Brevity is one word that comes to mind when describing Clifford’s work on individual psalms throughout this commentary. An average of only three to four pages is given to each psalm. Clifford uses each page expeditiously as the pages are filled with information vital in developing a greater understanding of each psalm. He also carefully interweaves psalm scholarship into his comments as space allows.

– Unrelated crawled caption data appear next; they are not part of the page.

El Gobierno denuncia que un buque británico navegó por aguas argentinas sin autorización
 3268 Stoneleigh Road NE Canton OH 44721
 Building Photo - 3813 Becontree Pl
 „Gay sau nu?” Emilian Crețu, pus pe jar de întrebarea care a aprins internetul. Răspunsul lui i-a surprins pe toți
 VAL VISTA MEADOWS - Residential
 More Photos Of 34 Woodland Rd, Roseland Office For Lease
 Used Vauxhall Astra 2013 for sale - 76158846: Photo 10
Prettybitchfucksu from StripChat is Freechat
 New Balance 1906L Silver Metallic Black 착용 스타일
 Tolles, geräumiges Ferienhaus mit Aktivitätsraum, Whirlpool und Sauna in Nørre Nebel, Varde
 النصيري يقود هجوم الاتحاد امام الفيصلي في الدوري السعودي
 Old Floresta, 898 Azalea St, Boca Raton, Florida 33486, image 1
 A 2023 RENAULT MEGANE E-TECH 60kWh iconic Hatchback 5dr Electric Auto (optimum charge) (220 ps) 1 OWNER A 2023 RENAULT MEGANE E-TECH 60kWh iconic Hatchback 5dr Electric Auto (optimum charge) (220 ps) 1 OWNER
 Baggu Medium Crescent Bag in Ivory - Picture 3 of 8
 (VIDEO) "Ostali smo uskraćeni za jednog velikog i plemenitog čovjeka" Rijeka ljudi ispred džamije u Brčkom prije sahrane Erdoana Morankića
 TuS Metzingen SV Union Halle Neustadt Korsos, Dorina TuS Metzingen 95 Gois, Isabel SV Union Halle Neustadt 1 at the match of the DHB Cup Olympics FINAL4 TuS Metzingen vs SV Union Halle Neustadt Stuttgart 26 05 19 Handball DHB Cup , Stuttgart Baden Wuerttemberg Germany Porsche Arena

Psalms 1-72 also demonstrates Clifford’s mastery of ancient Near Culture and its inter-relatedness to the psalms of Israel. There are many references to other hymns from Ugarit, Mesopotamia, and Egypt. Clifford exemplifies a good understanding of the biblical canon as he constantly describes the intertextuality of various psalms within the larger canon. There are frequent references to biblical events that may serve as possible background for given psalms. An equal number of references are also made to the New Testament’s usage of individual verses and psalms as well.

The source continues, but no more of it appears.